Heroes of Hospice
Hospice of Santa Barbara (HSB) gave its 7th annual Heroes of Santa Barbara fundraiser at the Biltmore’s Coral Casino titled “Jewels by the Sea.” Even the dolphins came out to play during wine time, putting on their own show.
The silent auction was ecstatically beautiful – the long tables afloat with burlap for earth, driftwood from the ocean and turquoise fabric for the sea. There were 340 folks writing down bid numbers.
Emcees Beth Farnsworth and C.J. Ward welcomed all and began the program during lunch. As noted by UCSB executive director David Selberg, “Hospice has had a thirty percent growth last year and already a seventeen percent growth for part of this year.” The luncheon was to honor all the volunteers who give so much of their time.
The Legacy Award went to the James S. Bower Foundation that makes grants to groups who believe there will be a healthier world with compassionate action and social change. The Foundation is committed to reducing physical, emotional, spiritual and social pain in the face of death. They aid the end of life process for the dying and their families and friends. The foundation president is Jon Clark and board chair is Harvey Bottelsen.

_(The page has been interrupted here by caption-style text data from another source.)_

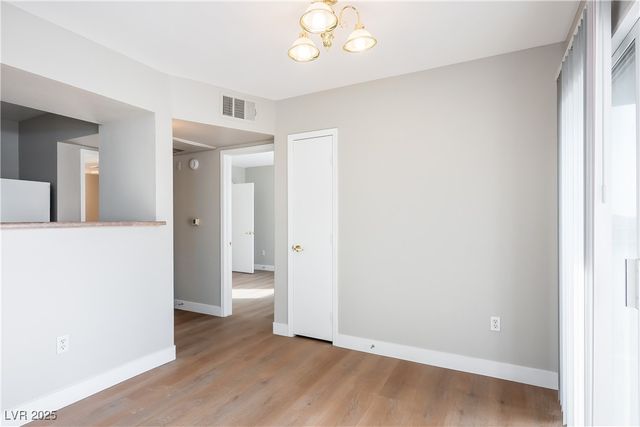 6650 WARM SPRINGS Road 2040, Las Vegas, NV 89118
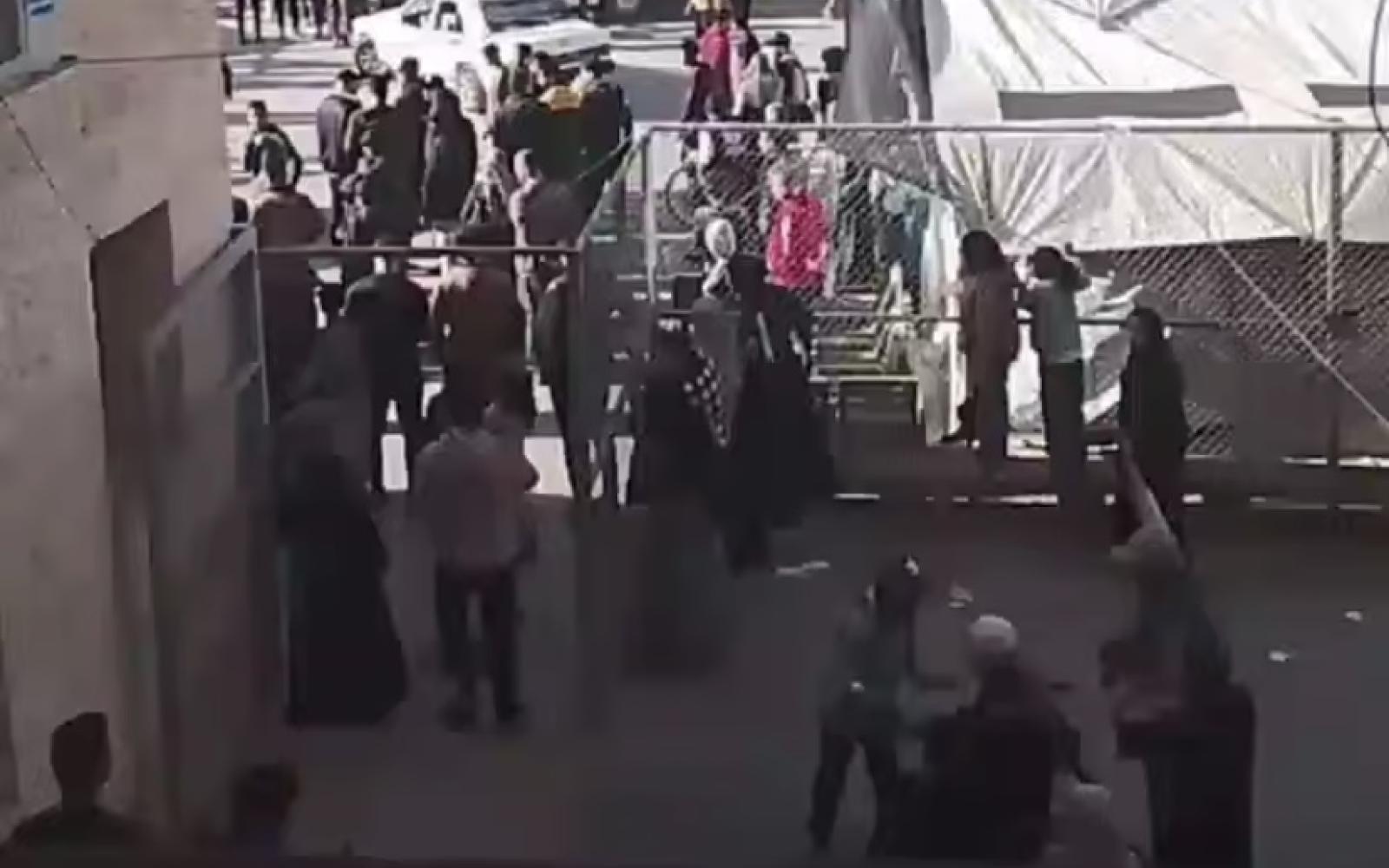 عاجل : شهداء ومصابون في استهداف  شرق المغازي وسط قطاع غزة 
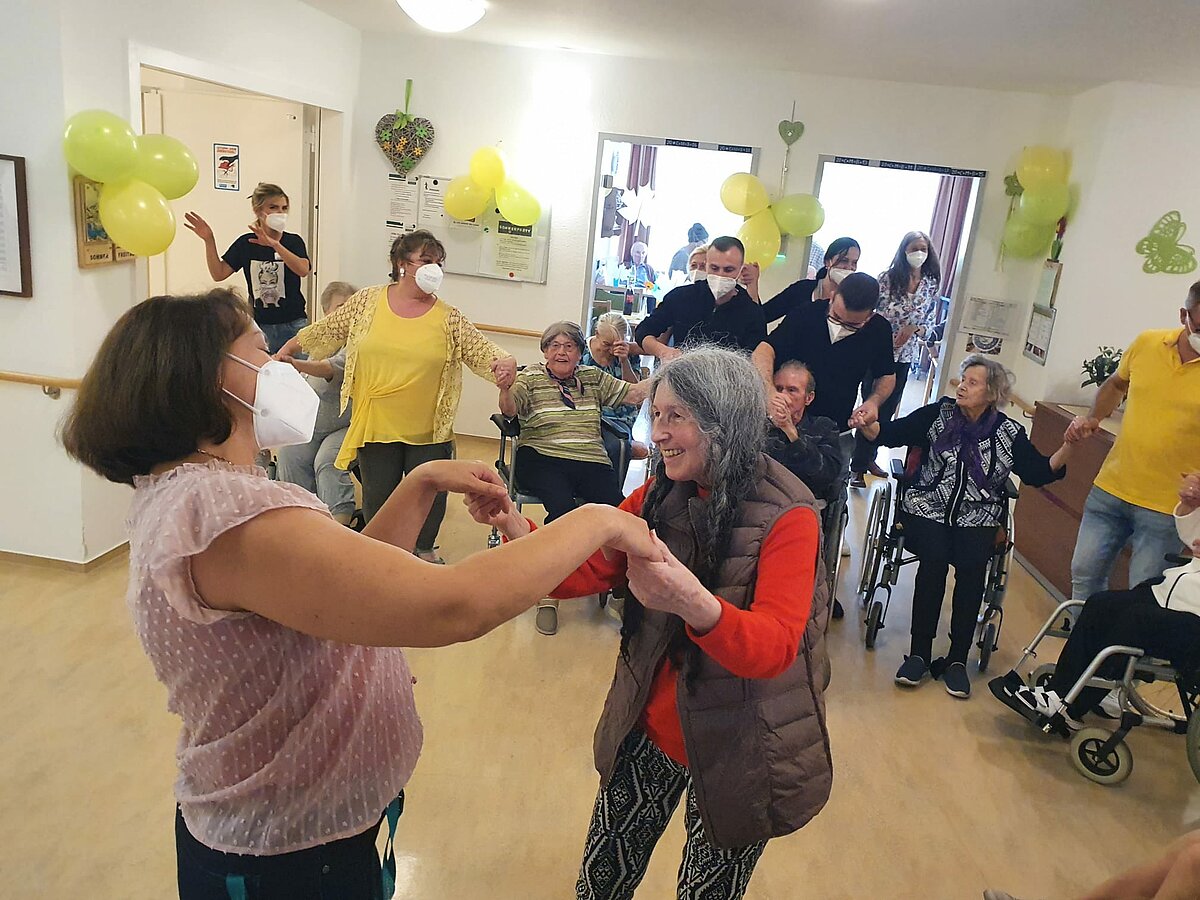 Bewohner des Seniorenzentrum "Im Kaiserviertel" tanzen bei der Sommer-Party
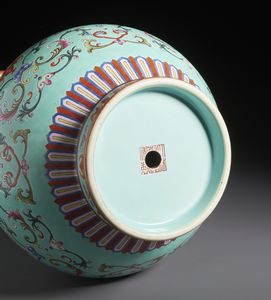 Arte Cinese : Vaso in porcellana famiglia rosa con decori di fiori e pipistrelli su fondo turchese. Cina XIX / XX sec.  - Asta Asta 470 | ARTE ORIENTALE Online - Associazione Nazionale - Case d'Asta italiane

The Partnership Award went to Suzanne Grimmesey. As Chief Quality Care and Strategy Officer for the Santa Barbara County Department of Behavioral Wellness, she led the team that was formed after the Thomas Fire and debris flow. The team was made up of 13 agencies including HSB. It allowed HSB to connect with community members all over town. They helped people who had lost their homes and loved ones.
The Volunteer Award: No One Dies Alone Program was awarded to VNHC volunteer Maria Miller, Joanne Deck VNHC volunteer manager, Nicole Romasanta HSB director of volunteer services, and Gwen Dawson HSB volunteer. If someone is dying with no one around, this team adds their presence and help.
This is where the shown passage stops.